The local language files are stored in a language independent format. This allows uniform data entry for all the languages. The Editor allows three different Data Entry Methods.

  • A universal phonetically mapped keyboard for uniform data entry across all the Indian Languages. This mapping covers a superset of aksharas from all the Indian languages.
  • A transliteration based data entry where data is entered in English conforming to a transliteration scheme. Though many schemes are in use today, the popular ITRANS scheme is supported by the Editor.
  • The Editor also incorporates a special Transliteration Scheme, which uses only the lower case Roman letters for data entry. This version will be of use to disabled persons who may not be able to use both their hands during data entry.
  • An input method supporting data entry identical with the manual local language typewriter. This is supported for Hindi and Tamil.

  • (The version for Linux (Nov.2002) supports only the first of the above schemes)

    2. Automatic transliteration across all the languages

    The Document prepared in one language can be automatically viewed in any other language on account of the uniform representation of the text in all the languages. Thus if one enters the text of the `Bhagavad Gita` in Sanskrit, one would be able to view the same in all the languages without error. Aksharas which are present in one language and not in the other will be correctly transliterated using equivalent aksharas in the latter.

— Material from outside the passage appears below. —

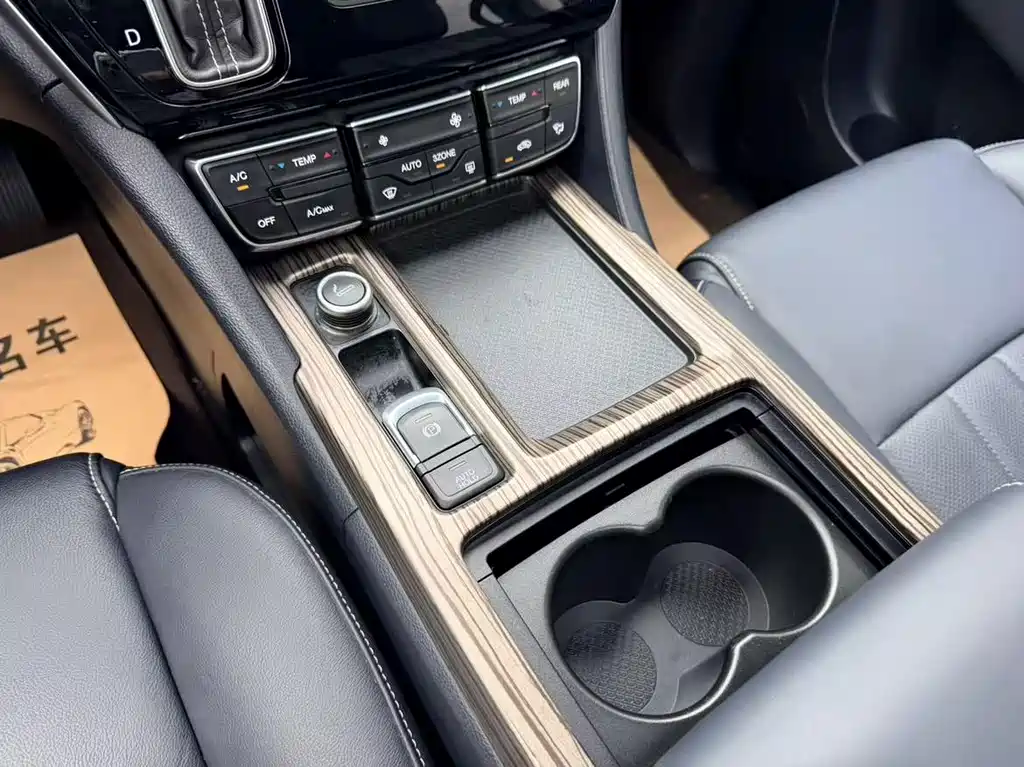 GAC Trumpchi M8 2020 — фото 14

The Current version of the Editor supports on- screen transliteration allowing users to enter text in one script, make a copy of it on screen using the copy feature and immediately transliterate the copy into any other script.

    3. Truly Multilingual Capabilities
    The Editor will permit the language in which data entry is to be done, to be selected dynamically during data entry. Thus it would be very easy for one to start the data entry in say Tamil, and after entering some text, switch to Gurmukhi and type in an explanation in Punjabi. The software supports more than eleven scripts from which a choice can be made. Also, the Roman script used for English, is also directly supported by the Editor. Unlike applications under Microsoft Windows which require a switch to a different keyboard layout, the IITM Editor allows switching the scripts using pull down menu.

    4. Support for a very comprehensive character set

    The Editor permits data entry and display of complex Conjunct characters (familiarly known as the Samyuktakshars) in an effortless manner and permits Matras (Vowel Extensions) and special symbols to be typed in without any difficulty. These Matras and special symbols will be very useful for a teacher preparing lessons on the writing methods for different scripts. The system supports data entry for sixteen vowels, forty six consonants (being a superset of consonants from different languages) and more than eight hundred conjunct characters which can be formed from the basic set of consonants. Thus the system caters to more than twelve thousand individually recognizable aksharas.

    Besides these, standard Punctuation marks and numerals are supported. These can be entered in the local language input mode directly.

    In this respect, the IITM Editor scores over other approaches based on Unicode or ISCII where the data entry proceeds based on a set of aksharas that in general, do not provide many required symbols which are part of the writing systems in vogue. If required, text in Unicode or ISCII may be converted to the syllable based representation used by the software and thus permit fairly comprehensive text processing.

    5. Support for Vedic symbols and Music notation
    The set of characters supported by the Editor also includes special symbols used in Vedic texts and classical (Carnatic) music. This feature is again very useful for academicians and teachers who would produce printed text illustrating different aspects of Vedic and Music rendering. The Editor will permit Vedic Notation conforming to Yajur Vedic texts as well as Sama Vedic texts.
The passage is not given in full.